• [SUPPLIED INFORMATION]
# # # # #

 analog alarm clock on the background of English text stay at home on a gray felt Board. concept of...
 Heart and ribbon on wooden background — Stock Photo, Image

# # # # #

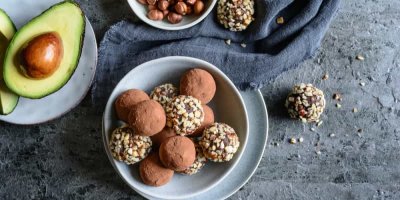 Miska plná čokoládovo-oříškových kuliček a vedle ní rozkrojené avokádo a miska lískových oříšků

# # # # #

• [WORK TO COMPLETE] When a line in the listing has the word "background", return that line.

• [WRITTEN ANSWER]
 analog alarm clock on the background of English text stay at home on a gray felt Board. concept of...
 Heart and ribbon on wooden background — Stock Photo, Image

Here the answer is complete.